Were one to ask most people in Shelton to describe workers’ compensation benefits, they would likely receive responses detailing scenarios where a worker suffers a hampering (yet non-life-threatening) injury that keeps them out of work for a few months. Yet oftentimes the results of a workplace injury can be much more serious.
Indeed, according to information shared by the Occupational Safety and Health Administration, there were 5,250 workplace fatalities reported in 2018 alone. Many may wonder when a worker dies on the job what role workers’ compensation benefits may play in their loved one’s recovery.
Detailing death benefits paid to a worker’s family
Per Connecticut’s Workers’ Compensation Act, the family of one killed in a workplace accident is immediately entitled to a payment of $4,000 to help cover their burial and funeral expenses. After that, a spouse who was wholly dependent on the worker for their financial sustenance will receive weekly compensation that is equal to 75% of the deceased worker’s salary (as of the date of their debt). That amount adjusts annually every October to account for increases in the cost of living. The worker’s spouse will continue to receive this assistance up to the point that they either remarry or pass away.
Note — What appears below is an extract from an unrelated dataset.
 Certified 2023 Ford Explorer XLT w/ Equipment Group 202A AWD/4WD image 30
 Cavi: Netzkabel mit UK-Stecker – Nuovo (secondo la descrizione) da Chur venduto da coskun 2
Assistance for a deceased workers’ other dependents
If a worker killed on the job also has dependent children (and those children are also the children of or living with their surviving spouse), then the benefits received are the same as those detailed above. If the worker’s children are not the children of their surviving spouse (and are not living with the surviving spouse), then all eligible parties receive an equal portion of the death benefits. Dependent children are eligible for death benefits up to the age of 18 (or 22 if they are pursuing post-secondary schooling opportunities).